Только ты собрался перейти на ту сторону зала и пригласить Наташу из 7-го «А», а Генка Вереин уже кружит ее, что-то рассказывает ей, и она весело смеется… А ты двух слов связать не можешь, когда надо поговорить с девочками.

Смотришь ты на эту веселую пару, а в голове мысли совсем не веселые.

«Может, меня никто в жизни и не полюбит? — терзаешься ты. — Какой-то я некрасивый, нескладный, и руки длинные. Модного костюма, как у других, нет. Только серая школьная гимнастерка да старенькие брюки — их хоть гладь, хоть не гладь».

А Генка — смотри! — куда-то повел Наташу. Наверно, гулять. Интересно, если бы ты ее пригласил, пошла бы она или нет? Или сказала бы: «Знаешь, мне потанцевать хочется».

«Ну и пусть, — думаешь ты. — В конце концов, девочки — это совсем не главное в жизни. Даже глупо тратить время, ходить на вечера и волноваться из-за какой-то Наташки».

Ты твердо решаешь больше и не смотреть в ее сторону, а сам невольно стараешься угадать, где сейчас Наташа и Генка.

«Наверно, уже далеко они ушли. А может, он ее под руку взял? Говорят, кто-то видел Наташку под руку с мальчишкой. Врут. Не может быть! Наташа никогда не пойдет под руку ни с Генкой, ни с другим мальчишкой. Она, наверно, назло пошла с ним гулять, потому что я ее не позвал.

Может, письмо ей написать? Глупо как-то — письма писать, как в пятом классе: „Наташа, давай дружить…“ А она ответит: „А разве мы с тобой и так не дружим?“ Девчонки хитрые: прикинутся, будто ни о чем не догадываются.

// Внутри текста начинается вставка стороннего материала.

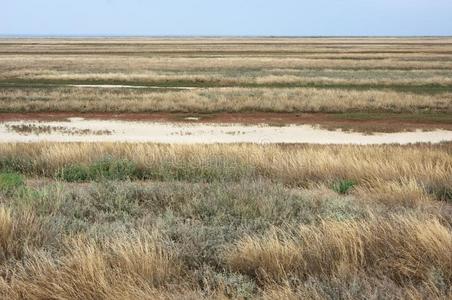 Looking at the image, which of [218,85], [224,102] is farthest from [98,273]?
[218,85]

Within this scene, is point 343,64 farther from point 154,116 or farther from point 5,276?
point 5,276

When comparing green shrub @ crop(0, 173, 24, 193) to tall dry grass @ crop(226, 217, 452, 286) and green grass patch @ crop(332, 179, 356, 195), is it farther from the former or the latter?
green grass patch @ crop(332, 179, 356, 195)

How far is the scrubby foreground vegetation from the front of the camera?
4273 millimetres

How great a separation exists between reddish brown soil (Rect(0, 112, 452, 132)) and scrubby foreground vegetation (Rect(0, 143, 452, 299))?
17.8 meters

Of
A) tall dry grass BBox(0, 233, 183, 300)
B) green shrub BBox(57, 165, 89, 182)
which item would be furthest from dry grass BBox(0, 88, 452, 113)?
tall dry grass BBox(0, 233, 183, 300)

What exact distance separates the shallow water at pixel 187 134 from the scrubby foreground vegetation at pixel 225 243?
43.7 feet

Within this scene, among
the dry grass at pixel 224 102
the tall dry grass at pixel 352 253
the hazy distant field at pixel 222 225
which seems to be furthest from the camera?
the dry grass at pixel 224 102

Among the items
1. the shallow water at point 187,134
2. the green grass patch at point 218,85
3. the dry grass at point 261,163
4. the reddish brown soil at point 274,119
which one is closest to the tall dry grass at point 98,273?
the dry grass at point 261,163

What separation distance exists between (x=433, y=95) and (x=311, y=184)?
102 feet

Им в радость помучить человека…»

Я понимаю, тебе сейчас очень тяжело. И главное, ничем тебе не поможешь, и никто в мире не поможет, кроме тебя самого.

Просто давай мы наберемся с тобой терпения и не будем завидовать этому Генке. Тебе кажется, что, для того чтобы на тебя обратили внимание, надо обязательно быть остроумным, хорошо одетым и иметь эдакие несколько «стильные» манеры. Но придет время, и ты увидишь, что вовсе не такие нравятся и не такие находят настоящих подруг. Девчонки любят мужественных, смелых, умных, решительных — не на словах решительных, а в жизни, в поступках. Они любят как раз таких, каким ты собираешься стать.

Кто он, мальчишка Санька?

У меня предложение: откроем толстый, потрепанный оттого, что его часто листают, однотомник Гайдара и вместе почитаем страничку из рассказа «Голубая чашка». Он был написан в 1936 году. Пионер Пашка Букамашкин рассказывает Светлане и ее папе про «известного фашиста, белогвардейца Саньку».

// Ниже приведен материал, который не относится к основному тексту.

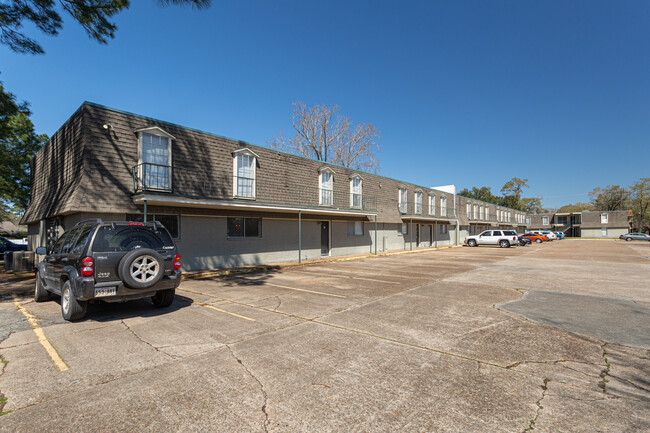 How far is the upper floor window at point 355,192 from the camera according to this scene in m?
21.8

«— …Есть в Германии город Дрезден, — спокойно сказал Пашка, — и вот из этого города убежал от фашистов один рабочий еврей. Убежал и приехал к нам. А с ним девчонка приехала, Берта. Сам он теперь на этой мельнице работает, а Берта с нами играет. Только сейчас она в деревню за молоком побежала. Так вот, играем мы позавчера в чижа: я, Берта, этот человек, Санька, и еще один из поселка. Берта бьет палкой в чижа и попадает нечаянно этому самому Саньке по затылку, что ли…

— Прямо по макушке стукнула, — сказал Санька из-за телеги. — У меня голова загудела, а она еще смеется.

— Ну вот, — продолжал Пашка, — стукнула она этого Саньку чижом по макушке. Он сначала на нее с кулаками, а потом ничего. Приложил лопух к голове — и опять с нами играет. Только стал он после этого невозможно жулить. Возьмет нашагнет лишний шаг да и метит чижом прямо на кон.

— Врешь, врешь! — выскочил из-за телеги Санька. — Это твоя собака мордой ткнула, вот он, чиж, и подкатился.